Türkiye Gazeteciler Cemiyeti (TGC), Irak Şam İslam Devleti (IŞİD) örgütünün Musul’daki Türkiye Başkonsolosluğu’na yaptığı ve görevlileri kaçırdığı baskınla ilgili Ankara 9. Ağır Ceza Mahkemesi’nin verdiği yayın yasağına itiraz etti.
Cemiyetin günlük gazetesi Bizim Gazete adına yapılan başvuruda, mahkemenin 16 Haziran tarihli yayın yasağının “bu haliyle basın özgürlüğüne müdahale ve sansür niteliği taşıdığı”na dikkat çekildi.

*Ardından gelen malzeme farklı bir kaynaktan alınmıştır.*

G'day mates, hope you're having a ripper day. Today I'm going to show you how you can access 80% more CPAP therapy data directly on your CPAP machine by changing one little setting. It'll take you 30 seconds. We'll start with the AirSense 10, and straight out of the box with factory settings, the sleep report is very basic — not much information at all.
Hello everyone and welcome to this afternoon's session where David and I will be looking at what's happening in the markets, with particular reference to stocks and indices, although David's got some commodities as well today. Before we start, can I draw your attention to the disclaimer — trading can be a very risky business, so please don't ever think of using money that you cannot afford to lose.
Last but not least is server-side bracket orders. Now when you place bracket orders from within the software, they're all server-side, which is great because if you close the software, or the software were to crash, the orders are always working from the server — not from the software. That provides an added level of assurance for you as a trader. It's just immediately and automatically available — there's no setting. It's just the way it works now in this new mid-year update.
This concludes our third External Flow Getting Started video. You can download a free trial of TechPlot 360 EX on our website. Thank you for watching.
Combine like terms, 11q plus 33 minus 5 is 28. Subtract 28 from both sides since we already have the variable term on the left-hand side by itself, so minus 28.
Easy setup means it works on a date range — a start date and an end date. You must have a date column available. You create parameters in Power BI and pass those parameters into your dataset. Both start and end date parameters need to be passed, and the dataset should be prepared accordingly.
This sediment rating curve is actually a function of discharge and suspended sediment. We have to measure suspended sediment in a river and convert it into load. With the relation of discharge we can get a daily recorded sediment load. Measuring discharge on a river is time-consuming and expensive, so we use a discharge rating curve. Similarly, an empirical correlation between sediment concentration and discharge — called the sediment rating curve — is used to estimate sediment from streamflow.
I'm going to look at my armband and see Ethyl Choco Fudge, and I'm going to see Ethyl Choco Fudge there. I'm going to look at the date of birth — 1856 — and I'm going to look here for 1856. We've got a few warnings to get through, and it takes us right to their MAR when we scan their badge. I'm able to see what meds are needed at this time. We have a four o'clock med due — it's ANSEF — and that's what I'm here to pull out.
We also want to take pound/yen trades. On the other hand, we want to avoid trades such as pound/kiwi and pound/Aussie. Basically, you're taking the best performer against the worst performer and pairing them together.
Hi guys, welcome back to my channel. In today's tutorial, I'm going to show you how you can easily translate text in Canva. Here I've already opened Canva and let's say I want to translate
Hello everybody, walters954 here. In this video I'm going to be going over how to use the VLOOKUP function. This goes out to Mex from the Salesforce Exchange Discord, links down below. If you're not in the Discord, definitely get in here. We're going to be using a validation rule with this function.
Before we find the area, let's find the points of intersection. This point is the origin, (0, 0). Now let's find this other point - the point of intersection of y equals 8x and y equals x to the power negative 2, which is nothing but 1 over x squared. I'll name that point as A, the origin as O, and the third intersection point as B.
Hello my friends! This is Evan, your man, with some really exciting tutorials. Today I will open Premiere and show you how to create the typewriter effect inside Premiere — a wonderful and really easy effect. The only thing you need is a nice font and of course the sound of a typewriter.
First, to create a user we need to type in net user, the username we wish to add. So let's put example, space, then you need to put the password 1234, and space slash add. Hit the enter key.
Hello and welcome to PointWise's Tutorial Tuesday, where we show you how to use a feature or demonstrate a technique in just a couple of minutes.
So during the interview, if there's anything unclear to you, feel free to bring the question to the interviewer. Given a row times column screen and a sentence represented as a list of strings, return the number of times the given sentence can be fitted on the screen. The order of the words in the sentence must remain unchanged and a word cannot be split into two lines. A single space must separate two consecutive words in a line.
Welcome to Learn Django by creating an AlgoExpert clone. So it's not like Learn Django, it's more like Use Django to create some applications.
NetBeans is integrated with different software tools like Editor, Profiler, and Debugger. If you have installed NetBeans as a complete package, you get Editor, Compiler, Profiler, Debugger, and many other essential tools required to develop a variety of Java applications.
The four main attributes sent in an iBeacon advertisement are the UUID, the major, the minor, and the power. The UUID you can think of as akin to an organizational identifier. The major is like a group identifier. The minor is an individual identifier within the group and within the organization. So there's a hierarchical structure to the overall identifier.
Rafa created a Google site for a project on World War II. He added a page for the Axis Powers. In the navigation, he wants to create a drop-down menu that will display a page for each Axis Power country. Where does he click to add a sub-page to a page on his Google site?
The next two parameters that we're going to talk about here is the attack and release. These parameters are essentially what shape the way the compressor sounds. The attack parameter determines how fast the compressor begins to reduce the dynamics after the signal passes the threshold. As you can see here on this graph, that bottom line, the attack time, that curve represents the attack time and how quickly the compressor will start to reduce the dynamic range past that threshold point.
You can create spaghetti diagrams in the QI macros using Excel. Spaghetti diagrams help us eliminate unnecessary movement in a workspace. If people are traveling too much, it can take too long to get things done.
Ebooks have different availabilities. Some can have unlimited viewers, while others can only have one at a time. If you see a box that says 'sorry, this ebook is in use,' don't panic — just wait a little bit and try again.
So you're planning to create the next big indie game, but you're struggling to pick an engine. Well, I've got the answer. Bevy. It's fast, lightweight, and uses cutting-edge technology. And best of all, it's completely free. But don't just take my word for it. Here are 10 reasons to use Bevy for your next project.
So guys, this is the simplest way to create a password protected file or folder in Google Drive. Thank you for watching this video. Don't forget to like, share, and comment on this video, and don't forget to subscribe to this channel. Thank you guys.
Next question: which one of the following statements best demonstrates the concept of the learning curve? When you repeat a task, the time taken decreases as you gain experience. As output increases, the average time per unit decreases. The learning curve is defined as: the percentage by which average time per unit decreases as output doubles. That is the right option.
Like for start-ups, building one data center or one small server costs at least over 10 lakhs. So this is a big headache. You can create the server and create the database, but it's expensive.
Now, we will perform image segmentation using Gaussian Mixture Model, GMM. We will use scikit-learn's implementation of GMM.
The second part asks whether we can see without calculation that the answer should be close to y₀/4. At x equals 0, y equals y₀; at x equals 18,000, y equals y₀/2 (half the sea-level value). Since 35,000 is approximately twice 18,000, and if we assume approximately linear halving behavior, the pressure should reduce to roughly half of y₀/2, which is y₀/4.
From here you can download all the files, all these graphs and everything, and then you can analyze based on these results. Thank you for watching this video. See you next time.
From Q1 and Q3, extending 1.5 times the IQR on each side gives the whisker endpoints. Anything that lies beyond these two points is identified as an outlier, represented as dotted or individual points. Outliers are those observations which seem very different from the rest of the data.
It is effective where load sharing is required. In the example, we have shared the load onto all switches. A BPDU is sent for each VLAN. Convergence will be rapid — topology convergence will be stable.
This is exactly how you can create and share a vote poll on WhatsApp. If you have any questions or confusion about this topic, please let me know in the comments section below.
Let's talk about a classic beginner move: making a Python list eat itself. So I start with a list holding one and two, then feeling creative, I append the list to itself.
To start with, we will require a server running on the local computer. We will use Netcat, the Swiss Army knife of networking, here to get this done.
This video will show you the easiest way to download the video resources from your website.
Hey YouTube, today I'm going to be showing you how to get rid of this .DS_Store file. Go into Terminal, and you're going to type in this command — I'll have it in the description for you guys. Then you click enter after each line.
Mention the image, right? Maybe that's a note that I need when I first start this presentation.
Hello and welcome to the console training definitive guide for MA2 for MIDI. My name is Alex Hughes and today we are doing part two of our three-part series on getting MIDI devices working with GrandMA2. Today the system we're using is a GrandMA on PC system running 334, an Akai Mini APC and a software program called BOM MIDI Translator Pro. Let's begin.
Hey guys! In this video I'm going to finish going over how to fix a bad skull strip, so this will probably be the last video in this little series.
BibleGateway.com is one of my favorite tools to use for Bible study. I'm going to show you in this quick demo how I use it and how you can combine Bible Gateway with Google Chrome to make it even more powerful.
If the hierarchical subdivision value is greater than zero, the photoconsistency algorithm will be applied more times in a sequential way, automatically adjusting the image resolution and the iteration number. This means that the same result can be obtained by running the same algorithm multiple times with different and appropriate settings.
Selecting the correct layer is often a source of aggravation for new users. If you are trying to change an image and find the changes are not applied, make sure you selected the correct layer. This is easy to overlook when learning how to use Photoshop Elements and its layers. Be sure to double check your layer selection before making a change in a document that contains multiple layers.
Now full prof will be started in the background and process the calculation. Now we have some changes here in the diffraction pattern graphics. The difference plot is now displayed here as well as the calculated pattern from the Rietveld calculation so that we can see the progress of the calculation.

Yayın yasağının demokratik bir toplumun gereklerine uygun olarak yapılmış bir sınırlandırma olmadığı vurgulanan dava dilekçesinde şu görüşler yer aldı.
Son dönemdeki yayın yasakları
Türkiye’de son dönemde Hatay Reyhanlı’daki patlamayla ilgili haberlere, Suriye tapelerine, Adana ve Hatay'da MİT'e ait olduğu iddia edilen TIR'ların durdurulmasına ilişkin haberlere, 17 Aralık yolsuzluk soruşturmasına yönelik haberlere getirilen yayın yasakları, twitter’in yasaklanması, youtube’un kapatılması gibi uygulamalar da itiraz dilekçesinde yer aldı.
Dilekçede, bu kararlarla ilgili “Türkiye’de kural haline gelmiş ve ilk başvurulan yollardan biri olmuştur. Yayın yasakları ülkemizin hiçbir sorununu çözmemiştir ve çözemeyecektir” tespiti yapıldı.
“Olaylar dünyada aleniyet kazandı”
Dilekçede, gelişmelerle ilgili tüm dünyada zaten haberler yapıldığı, ayrıca katliam yapan IŞİD’in sosyal medyayı ustalıkla kullandığı, kamuoyunun terör örgütünden gelen manipüle edilmiş haberlere ve vahşet görüntülerine mahkum edilmiş olacağı bildirildi; “Kısaca bu dönemde verilen yayın yasaklarının sonucu demokratik bir toplumdan uzaklaşma olmuştur” denildi.
Başvuruda, “gerçek tehlike spekülasyona dayanan bilgilerdir” ifadesine de yer verildi (EÖ).